Warren Buffett: His Net-Net Investment Does Amazing!

UNION STREET RAILWAY


Union Street Railway is a good example of a terrible business that paid off handsomely for Buffett. The business prospered during the war years as rubber, steel, and other commodities were diverted from consumer goods to military equipment. As a result, consumers bought fewer vehicles so Union Street's ridership was strong. The company experienced a significant drop-off in revenue passengers, from 27 million in 1946 to just 14 million by post-war 1953. Profits eroded and the firm started losing money.

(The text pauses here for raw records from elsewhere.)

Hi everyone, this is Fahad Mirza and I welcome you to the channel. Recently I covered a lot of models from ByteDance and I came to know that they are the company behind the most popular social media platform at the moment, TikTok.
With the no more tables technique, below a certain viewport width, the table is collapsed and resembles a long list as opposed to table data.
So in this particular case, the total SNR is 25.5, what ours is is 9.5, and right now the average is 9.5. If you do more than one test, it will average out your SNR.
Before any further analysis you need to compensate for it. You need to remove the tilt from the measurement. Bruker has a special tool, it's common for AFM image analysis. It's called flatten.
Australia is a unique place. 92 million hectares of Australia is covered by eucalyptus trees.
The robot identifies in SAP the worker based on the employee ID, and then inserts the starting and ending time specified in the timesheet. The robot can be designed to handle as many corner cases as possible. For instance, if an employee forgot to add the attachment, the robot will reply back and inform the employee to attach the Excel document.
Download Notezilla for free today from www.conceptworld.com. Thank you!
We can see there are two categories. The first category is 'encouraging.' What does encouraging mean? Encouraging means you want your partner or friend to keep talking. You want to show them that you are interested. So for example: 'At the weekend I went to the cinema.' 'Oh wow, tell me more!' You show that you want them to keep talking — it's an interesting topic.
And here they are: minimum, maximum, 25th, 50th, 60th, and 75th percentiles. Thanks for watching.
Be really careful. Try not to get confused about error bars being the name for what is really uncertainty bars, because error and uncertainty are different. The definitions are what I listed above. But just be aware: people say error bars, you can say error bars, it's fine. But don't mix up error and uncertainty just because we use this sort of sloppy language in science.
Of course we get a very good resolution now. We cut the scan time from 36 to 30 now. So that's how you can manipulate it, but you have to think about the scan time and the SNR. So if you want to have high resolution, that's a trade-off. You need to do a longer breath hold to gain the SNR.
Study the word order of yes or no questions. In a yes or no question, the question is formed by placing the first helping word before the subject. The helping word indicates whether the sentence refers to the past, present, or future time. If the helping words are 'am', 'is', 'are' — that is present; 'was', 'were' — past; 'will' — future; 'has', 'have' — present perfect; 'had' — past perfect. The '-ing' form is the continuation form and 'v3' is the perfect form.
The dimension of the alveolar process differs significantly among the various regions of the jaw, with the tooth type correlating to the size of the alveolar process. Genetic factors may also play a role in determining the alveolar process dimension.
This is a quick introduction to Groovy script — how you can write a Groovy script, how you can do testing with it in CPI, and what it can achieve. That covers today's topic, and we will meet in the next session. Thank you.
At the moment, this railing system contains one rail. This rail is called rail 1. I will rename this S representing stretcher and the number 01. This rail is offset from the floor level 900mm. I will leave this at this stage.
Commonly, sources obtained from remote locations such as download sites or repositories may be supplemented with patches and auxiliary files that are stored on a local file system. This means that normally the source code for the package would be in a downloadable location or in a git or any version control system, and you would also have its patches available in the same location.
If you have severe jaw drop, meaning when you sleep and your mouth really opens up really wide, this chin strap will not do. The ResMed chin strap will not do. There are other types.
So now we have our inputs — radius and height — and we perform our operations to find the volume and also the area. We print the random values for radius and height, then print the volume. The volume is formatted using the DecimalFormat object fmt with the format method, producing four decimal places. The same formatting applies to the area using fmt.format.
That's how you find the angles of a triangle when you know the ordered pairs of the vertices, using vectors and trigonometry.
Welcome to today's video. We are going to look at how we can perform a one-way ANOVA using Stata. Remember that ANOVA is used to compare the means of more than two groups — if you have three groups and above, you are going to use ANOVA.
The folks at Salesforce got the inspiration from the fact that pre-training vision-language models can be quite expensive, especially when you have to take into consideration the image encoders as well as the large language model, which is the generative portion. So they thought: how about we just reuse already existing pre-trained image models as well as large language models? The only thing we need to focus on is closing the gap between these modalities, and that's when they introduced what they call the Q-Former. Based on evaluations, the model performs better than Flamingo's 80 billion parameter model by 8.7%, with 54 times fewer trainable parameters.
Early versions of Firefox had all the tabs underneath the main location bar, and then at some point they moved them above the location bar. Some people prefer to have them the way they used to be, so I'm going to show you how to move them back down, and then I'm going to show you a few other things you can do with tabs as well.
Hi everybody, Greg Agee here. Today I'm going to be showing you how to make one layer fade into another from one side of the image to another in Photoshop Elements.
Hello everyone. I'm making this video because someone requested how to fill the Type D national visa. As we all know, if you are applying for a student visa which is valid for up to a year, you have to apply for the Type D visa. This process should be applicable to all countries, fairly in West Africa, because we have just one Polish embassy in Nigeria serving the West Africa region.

The stock dropped in sympathy with the firm's poor post-war showing, from a high of $50 in 1949 to $25 two years later. When Buffett found it, its price had recovered to $30 per share, but he still felt value dwarfed the market price: "I started buying the stock because they had eight hundred thousand dollars in treasury bonds, a couple of hundred thousand in cash, and outstanding bus tickets of ninety-six thousand dollars. Call it a million dollars, about sixty bucks a share."


Buffett was buying in at less than 50% of net-net working capital, but he had other reasons to be optimistic. Aside from working capital, the firm owned a significant amount of fixed assets: 116 buses, an amusement park, plus special reserves, other land and buildings, and car barns where it stored old streetcars.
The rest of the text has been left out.